Page MenuHomePhabricator

Degraded RAID on ms-be1020
Closed, ResolvedPublic

Description

TASK AUTO-GENERATED by Nagios/Icinga RAID event handler

A degraded RAID (md) was detected on host ms-be1020. An automatic snapshot of the current RAID status is attached below.

Please sync with the service owner to find the appropriate time window before actually replacing any failed hardware.

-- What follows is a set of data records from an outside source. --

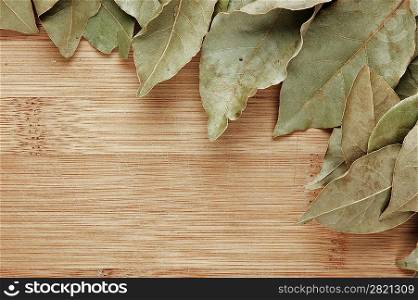 dry bay leaf on a wooden kitchen board
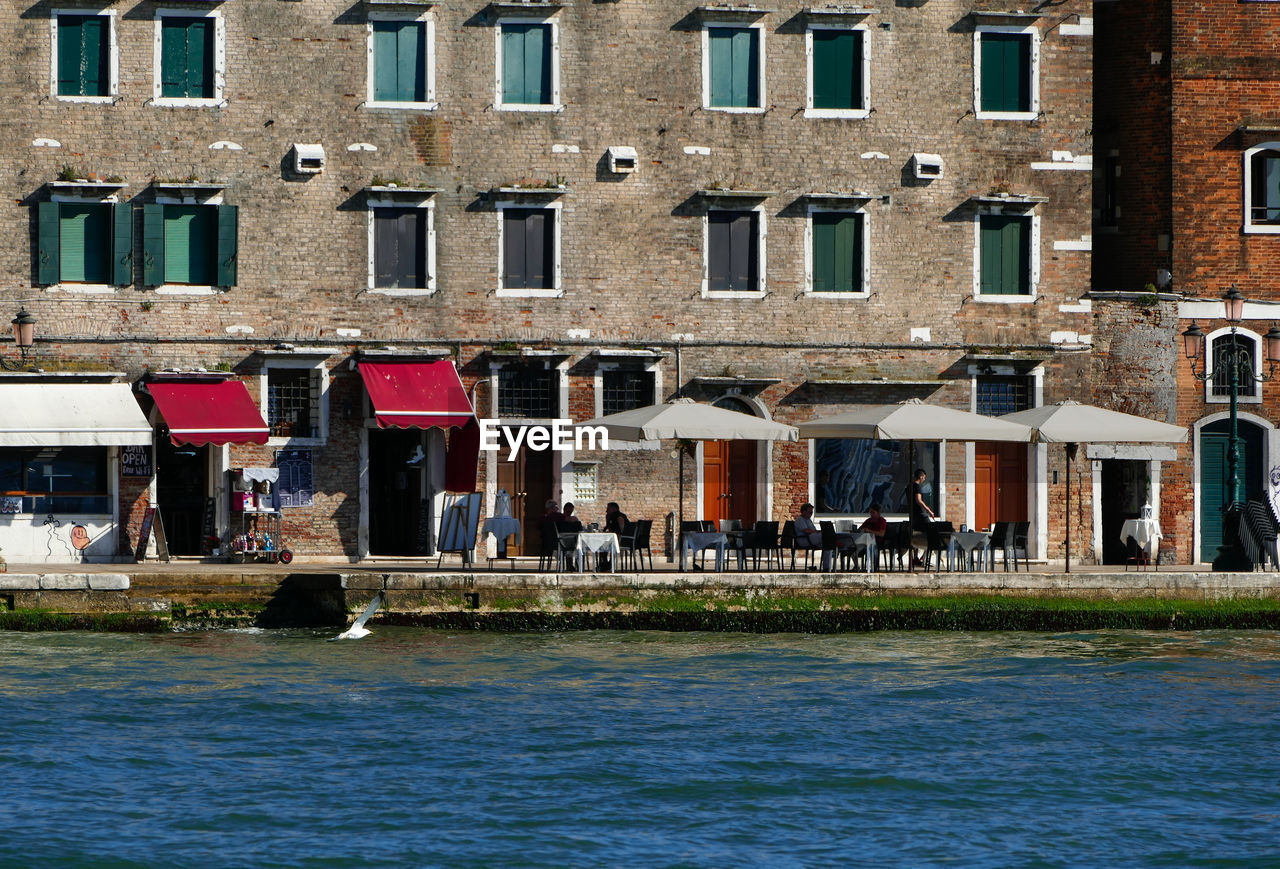 VIEW OF BUILDINGS BY CANAL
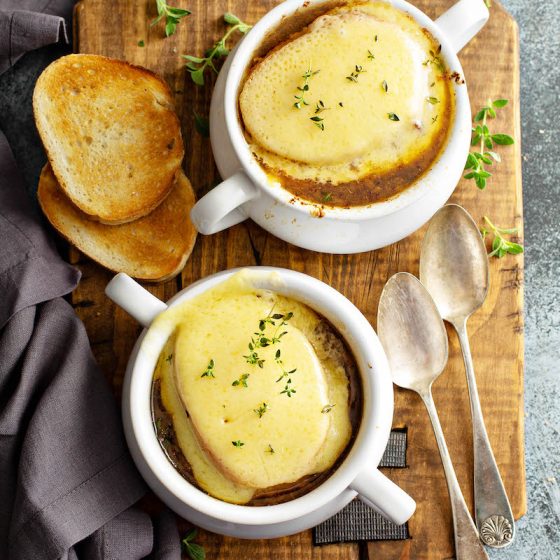 This Crockpot French Onion Soup recipe is loaded with flavor from slow cooking all day with a rich, silky broth and classic broiled cheesy toast topping! #FrenchOnionSoup #Soup #Crockpot #SlowCooker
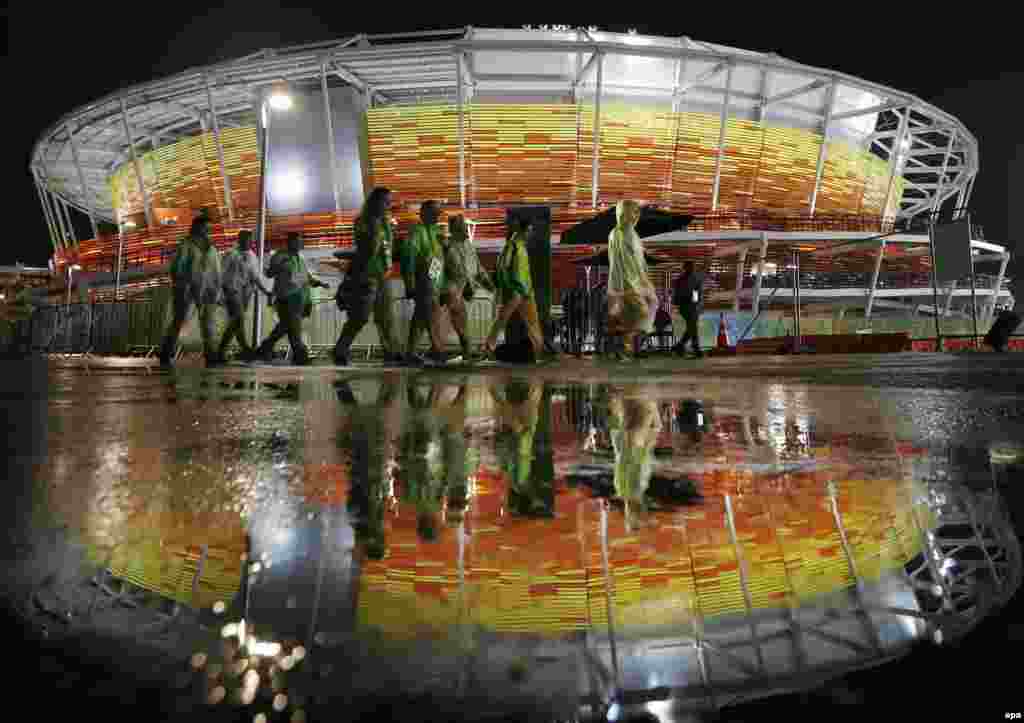 Staff walk outside the center court stadium during a rain delay in the tennis competition.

CRITICAL: State: degraded, Active: 3, Working: 3, Failed: 1, Spare: 0

$ sudo /usr/local/lib/nagios/plugins/get_raid_status_md
Personalities : [linear] [multipath] [raid0] [raid1] [raid6] [raid5] [raid4] [raid10] 
md0 : active raid1 sdb1[1](F) sda1[0]
      58559488 blocks super 1.2 [2/1] [U_]
      
md1 : active (auto-read-only) raid1 sdb2[1] sda2[0]
      976320 blocks super 1.2 [2/2] [UU]
      	resync=PENDING
      
unused devices: <none>

Event Timeline

elukey added subscribers: elukey, Cmjohnson, fgiunchedi.

Reporting in here as well:

SSH:

#~ ssh ms-be1020.eqiad.wmnet
-bash: /usr/share/bash-completion/bash_completion: Input/output error
elukey@ms-be1020:~$ df -h
-bash: /bin/df: Input/output error
elukey@ms-be1020:~$ dmesg
Bus error
elukey@ms-be1020:~$ ls
elukey@ms-be1020:~$ ls -l
total 0
elukey@ms-be1020:~$ sudo less /var/log/syslog
sudo: unable to execute /usr/bin/less: Input/output error

Console COM2:

[8383659.879842] sd 0:1:0:0: rejecting I/O to offline device
[8383659.909204] sd 0:1:0:0: rejecting I/O to offline device
[8383659.936361] sd 0:1:0:0: rejecting I/O to offline device
[8383659.967836] sd 0:1:0:0: rejecting I/O to offline device
[8383659.996775] sd 0:1:0:0: rejecting I/O to offline device
[8383660.159268] sd 0:1:0:0: rejecting I/O to offline device
[8383660.189448] sd 0:1:0:0: rejecting I/O to offline device

Given the fact that this is a Swift Backend and is should get depooled by frontends as soon as it stops answering correctly (seems confirmed by the flatline of network activity), I'd be inclined to wait for @fgiunchedi's opinion/debug before shutting it down (or anything else, but since Chris is away we cannot do much).

Mentioned in SAL (#wikimedia-operations) [2019-01-27T16:22:24Z] <godog> powercycle ms-be1020 - T214778

fgiunchedi claimed this task.

Host is back after a powercycle, looks like the raid controller freaked out. Leaving this open to upgrade the controller firmware.

This is a HP server, while the f/w can probably be updated remotely it would be best if I did the update on-site with the service pack and can update everything else at the same time.

This is a HP server, while the f/w can probably be updated remotely it would be best if I did the update on-site with the service pack and can update everything else at the same time.

Sounds good to take the host offline and upgrade via service pack, let me know when you are available and I'll take the host offline

@fgiunchedi Let's do this on Monday if you are available and now that ms-be1033 is working again.

CDanis added a subscriber: CDanis.Feb 22 2019, 5:29 PM

@Cmjohnson sounds good, let me know when you are ready to go and I'll poweroff the host.

Cmjohnson closed this task as Resolved.Mar 25 2019, 4:24 PM

This server raid appears to be in optimal condition. I verified the h/w and icinga is not reporting a degraded raid. Resolving for now

This server raid appears to be in optimal condition. I verified the h/w and icinga is not reporting a degraded raid. Resolving for now

The firmware upgrade was pending on this host, is that happening?